MANHATTAN (CN) - With the "Age of Manure" long dried up, a case over bonds signed in 1875 for debt related to the trade of seabird dung that once sustained Peru's economy splattered in U.S. District Court.

Guano, a Spanish and Quechua name for bird droppings, had once been such an important commodity for Peru that an era of its history had been named after it.

"The Age of Guano," alternately described as the "Age of Manure," began in 1840 as Peru discovered that it could repay the British bankers who underwrote the country's revolution with mounds of bird excrement more than 150-feet high on its Chincha Islands, The New York Times reported.

Peru controlled the world's fertilizer industry for the next four decades with the extraction of 12 million tons of guano valued at $500 million in U.S. dollars, the Council on Hemispheric Affairs, a Washington-based think tank on Latin American policy, says.

But by the 1870s, "there was little left to extract," the council notes.

A federal complaint MMA Consultants 1 filed Thursday against Peru stems from the end of Peru's Guano Age.

"In 1875, Peru issued a series of bonds pursuant to a contract with certain consignees of guano, the Guano Consignment Company in the United States of America, in order to refinance its debt to those consignees," the lawsuit states.

MMA says a Peruvian with the title "Envoy Extraordinaire and Minister Plenipotentiary" went to New York to sign bonds labeled "$1,000 Certificate of Indebtedness bearing seven percent interest per annum, in gold."

"Know all men by these presents, that I the undersigned Envoy Extraordinaire and Minister Plenipotentiary of Peru in Washington have been instructed and specially authorized to pledge, and do hereby pledge, the National Faith of Peru towards the faithful performance and observance of the conditions under which this Certificate has been issued as set forth above," each bond said, as quoted in the complaint.

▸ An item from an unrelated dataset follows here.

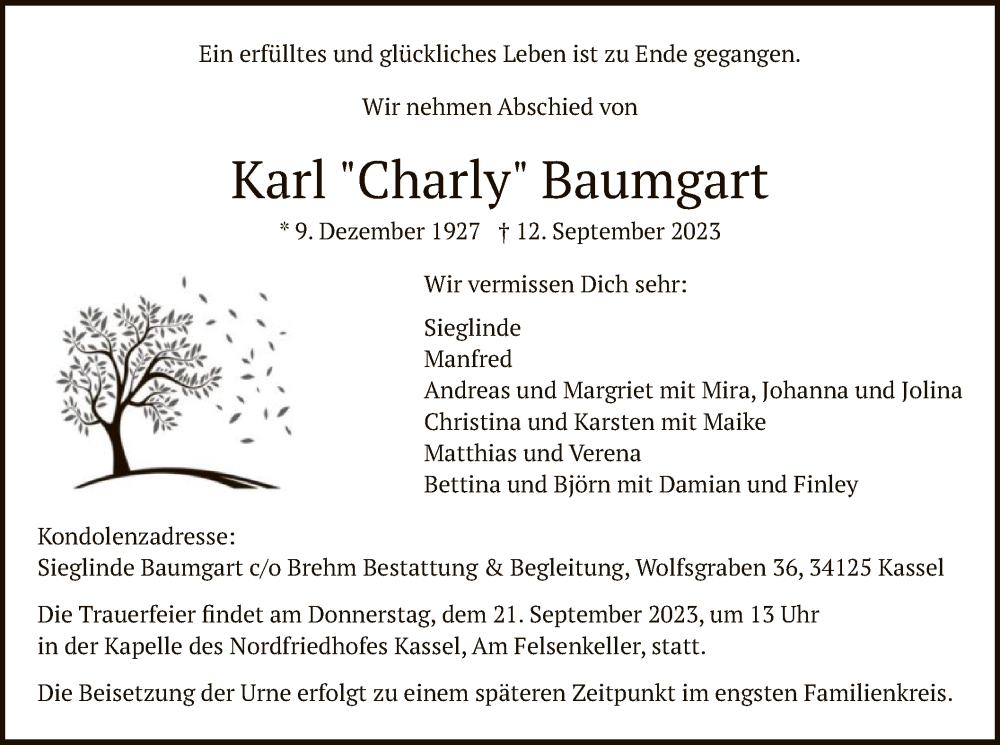  Traueranzeige für Karl Baumgart vom 16.09.2023 aus HNA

Claiming to hold 14 such bonds, MMA says that the Peruvian embassy in Washington has ignored repeated demands to pay up.

At 7 percent interest, a 140-year debt would make the present value of each bond nearly $13 million each, or almost $182 million for all 14 bonds.

Guano's boom in Peru is credited to the ecosystem created by the Humboldt Current splashing Antarctic waters off the country's coast, the importance of the droppings to the Inca's agriculture, and research at the time by a German organic chemist.

Illinois-based MMA wants a federal judge in Manhattan to award it damages for breach of contract.

Its Chicago-based attorney, Patrick Ahern, has not returned a request for comment.